*PROBLEM TO SOLVE:*
Your answer must be the exact lines of the listing below that run from the line with "Two types of" to the line with "In this video, we'll", ends included, and no pictures.

*INPUT RECORDS:*
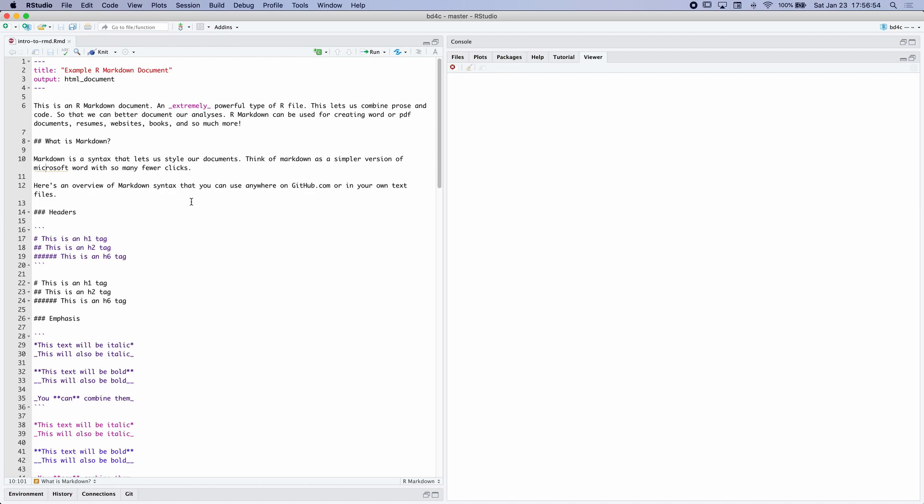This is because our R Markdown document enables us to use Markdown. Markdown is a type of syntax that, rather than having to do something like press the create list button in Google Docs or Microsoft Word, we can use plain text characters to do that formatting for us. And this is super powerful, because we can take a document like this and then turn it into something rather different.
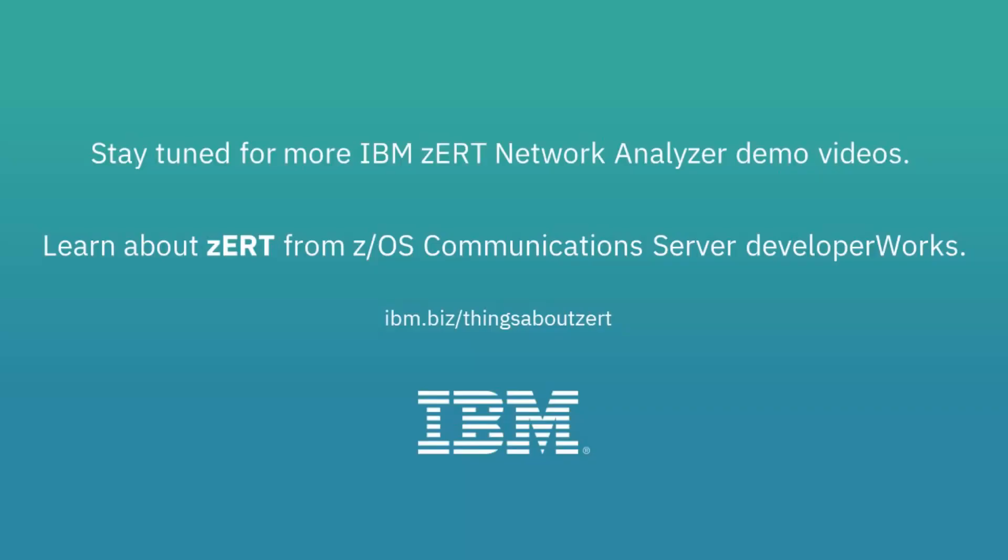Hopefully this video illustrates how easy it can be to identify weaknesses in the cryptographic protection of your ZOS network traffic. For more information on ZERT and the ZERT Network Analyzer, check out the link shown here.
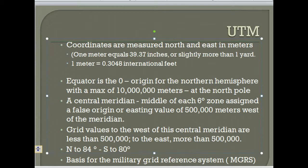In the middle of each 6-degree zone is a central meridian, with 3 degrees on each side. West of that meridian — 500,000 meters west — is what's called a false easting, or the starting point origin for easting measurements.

...

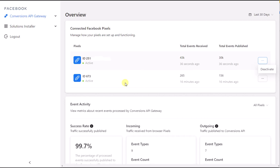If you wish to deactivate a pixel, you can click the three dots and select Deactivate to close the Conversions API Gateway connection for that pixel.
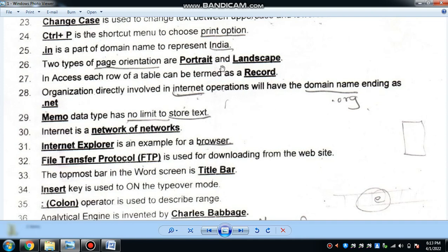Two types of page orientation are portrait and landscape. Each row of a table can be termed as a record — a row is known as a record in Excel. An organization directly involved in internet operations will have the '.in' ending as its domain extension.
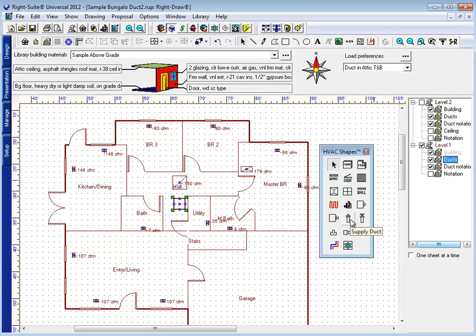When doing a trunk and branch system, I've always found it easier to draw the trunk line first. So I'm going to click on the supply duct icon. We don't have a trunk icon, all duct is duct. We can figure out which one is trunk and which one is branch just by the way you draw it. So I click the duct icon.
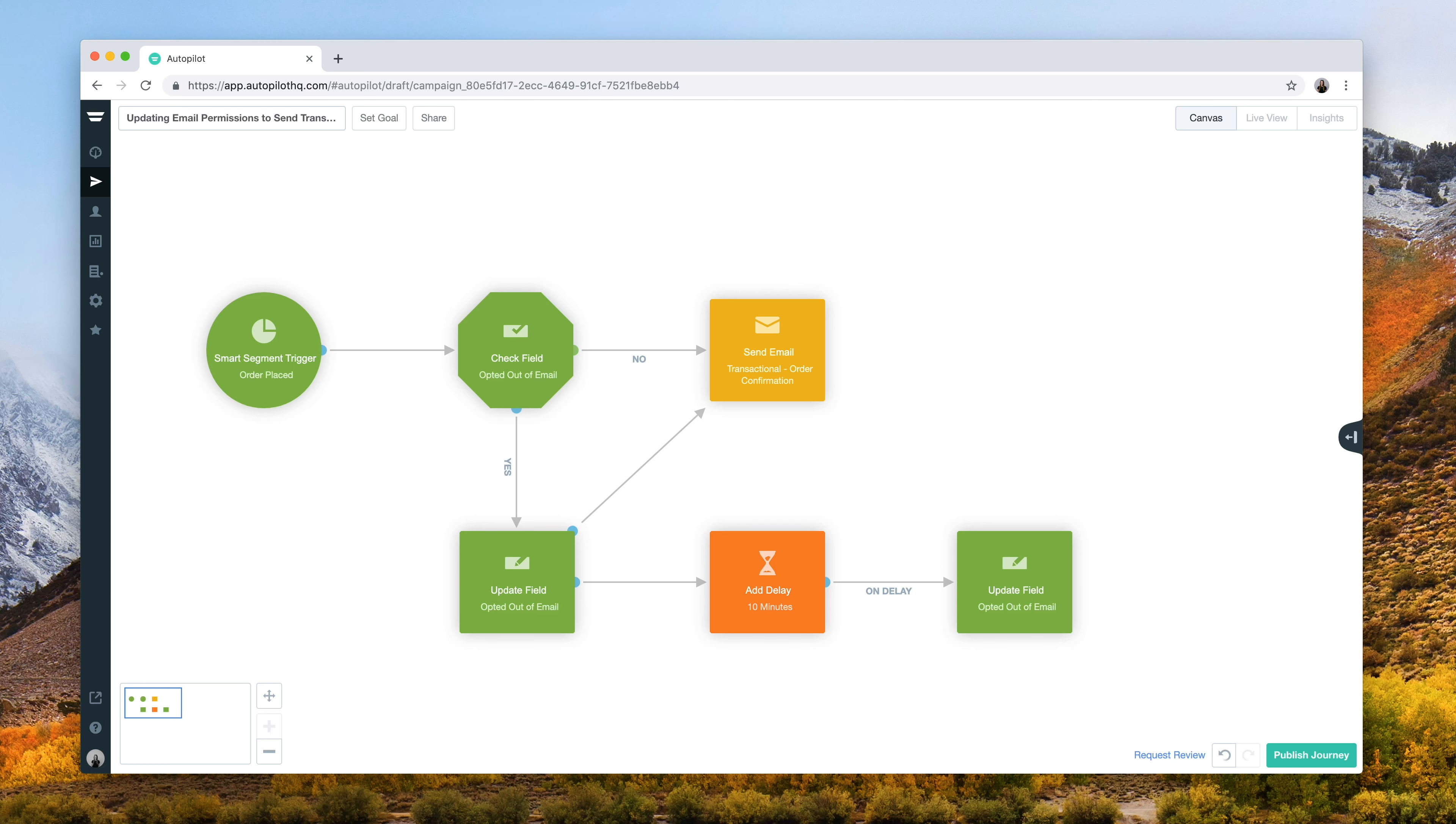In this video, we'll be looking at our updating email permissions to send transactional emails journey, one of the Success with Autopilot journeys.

--

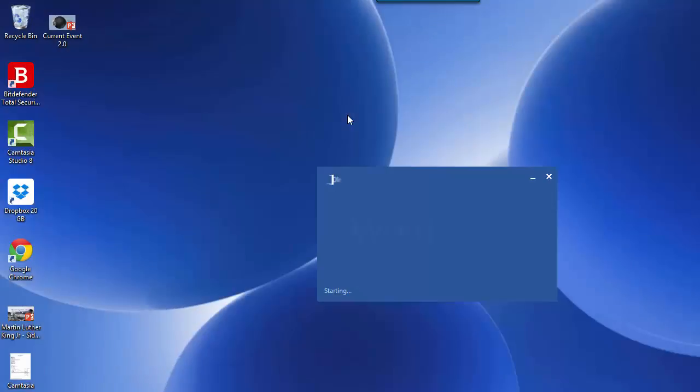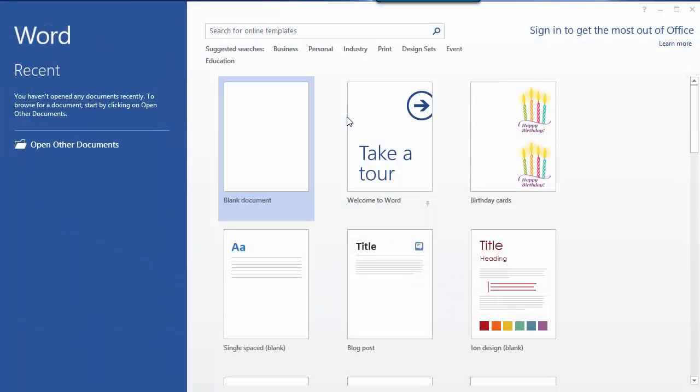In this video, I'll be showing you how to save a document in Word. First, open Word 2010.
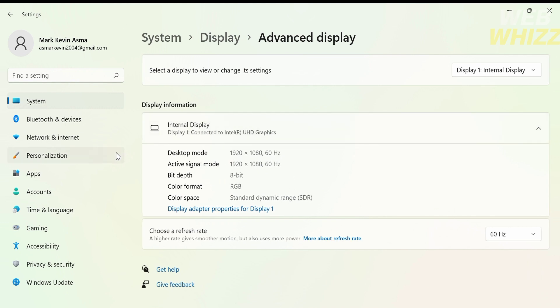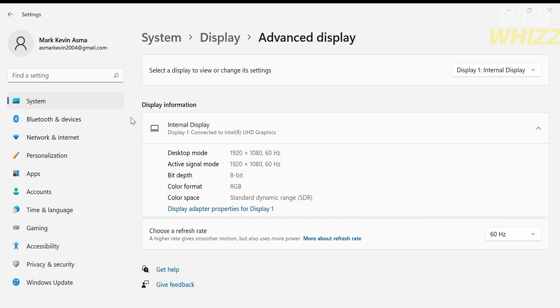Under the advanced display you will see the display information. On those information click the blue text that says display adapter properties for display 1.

*OUTPUT:*
Two types of page orientation are portrait and landscape. Each row of a table can be termed as a record — a row is known as a record in Excel. An organization directly involved in internet operations will have the '.in' ending as its domain extension.
When doing a trunk and branch system, I've always found it easier to draw the trunk line first. So I'm going to click on the supply duct icon. We don't have a trunk icon, all duct is duct. We can figure out which one is trunk and which one is branch just by the way you draw it. So I click the duct icon.
In this video, we'll be looking at our updating email permissions to send transactional emails journey, one of the Success with Autopilot journeys.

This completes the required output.